Classic Love Story Selection: Ancient Greek love myths

In all love stories, there are both winners and losers. This love story from ancient Greece is one such example. In a certain sense, the love that the handsome youth Adonis felt for himself was no less deep than the love Venus had for him. The only difference was that Venus’s love for him was something society could tolerate, despite a slight difference in status and position. However, Adonis’s passionate love for himself was difficult for others to understand. In fact, this behavior was later labeled “narcissism,” and in psychological research, it is classified as a type of pathological condition.

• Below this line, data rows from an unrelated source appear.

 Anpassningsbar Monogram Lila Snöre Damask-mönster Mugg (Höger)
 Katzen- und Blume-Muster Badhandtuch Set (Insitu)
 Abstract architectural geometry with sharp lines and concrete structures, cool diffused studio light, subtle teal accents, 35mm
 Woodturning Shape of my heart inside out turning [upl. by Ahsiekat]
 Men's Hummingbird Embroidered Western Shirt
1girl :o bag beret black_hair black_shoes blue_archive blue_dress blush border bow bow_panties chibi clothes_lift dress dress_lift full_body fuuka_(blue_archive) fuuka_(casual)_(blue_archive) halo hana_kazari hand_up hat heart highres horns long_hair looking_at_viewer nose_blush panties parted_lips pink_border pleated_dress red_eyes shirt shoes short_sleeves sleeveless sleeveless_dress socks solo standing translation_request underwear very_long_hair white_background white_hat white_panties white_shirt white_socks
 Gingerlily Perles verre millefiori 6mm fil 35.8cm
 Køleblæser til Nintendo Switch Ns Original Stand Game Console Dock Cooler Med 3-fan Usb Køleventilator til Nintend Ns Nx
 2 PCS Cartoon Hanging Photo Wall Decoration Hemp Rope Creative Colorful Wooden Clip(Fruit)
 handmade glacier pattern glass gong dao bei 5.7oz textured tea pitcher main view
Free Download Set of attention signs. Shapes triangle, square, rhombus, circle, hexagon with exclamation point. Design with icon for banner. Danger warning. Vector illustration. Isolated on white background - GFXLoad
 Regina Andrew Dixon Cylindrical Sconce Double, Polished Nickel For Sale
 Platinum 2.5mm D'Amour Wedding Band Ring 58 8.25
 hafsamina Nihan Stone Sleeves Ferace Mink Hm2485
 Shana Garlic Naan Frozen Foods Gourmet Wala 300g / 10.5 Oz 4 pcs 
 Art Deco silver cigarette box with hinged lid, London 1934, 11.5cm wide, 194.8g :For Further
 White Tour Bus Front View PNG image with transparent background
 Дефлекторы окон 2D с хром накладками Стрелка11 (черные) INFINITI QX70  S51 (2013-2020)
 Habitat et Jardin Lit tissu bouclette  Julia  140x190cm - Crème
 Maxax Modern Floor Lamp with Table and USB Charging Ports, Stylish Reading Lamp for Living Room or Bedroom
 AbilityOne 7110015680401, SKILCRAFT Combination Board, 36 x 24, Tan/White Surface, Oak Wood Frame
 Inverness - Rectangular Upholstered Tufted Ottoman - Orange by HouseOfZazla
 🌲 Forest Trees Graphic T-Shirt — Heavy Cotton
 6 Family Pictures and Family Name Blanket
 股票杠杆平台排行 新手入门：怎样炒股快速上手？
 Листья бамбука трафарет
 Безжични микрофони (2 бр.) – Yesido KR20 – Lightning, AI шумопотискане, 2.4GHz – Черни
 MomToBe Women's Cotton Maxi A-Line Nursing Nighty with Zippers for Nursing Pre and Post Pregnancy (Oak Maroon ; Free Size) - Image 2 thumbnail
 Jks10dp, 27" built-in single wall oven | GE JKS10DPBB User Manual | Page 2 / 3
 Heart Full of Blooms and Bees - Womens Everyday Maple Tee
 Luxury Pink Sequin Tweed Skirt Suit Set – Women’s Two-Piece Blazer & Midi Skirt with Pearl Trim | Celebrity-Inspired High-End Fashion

This is quite unfair to the youth himself, for all love, as long as it is love, should not be dismissed or scorned by people.

Of course, Venus’s love for this beautiful youth was also admirable. Her relentless pursuit, her urgent desire, is something that many of today’s proud and self-satisfied young women would find hard to understand. In modern slang, one might say, “If being a goddess means falling for someone like this, I’d rather not be one.”

Venus, who was utterly infatuated, met with the indifference and cold-heartedness of Adonis. From her perspective, she had simply fallen for the wrong person. But what could she do? Love is not about right or wrong; she just loved him, and there was no way around it. Venus used every method she could think of, and the descriptions of desire in the story are so intense that even today’s men and women might find them provocative. But don’t get the wrong idea—this was Venus expressing her love, and it has nothing to do with lust.

This story opened up a broader space for later love literature. In a certain sense, Adonis was not in love with himself but with a third party. In an even broader sense, all later literary works about love triangles—or even love quadrangles and pentagons—can be traced back to the story of “Venus and Adonis.”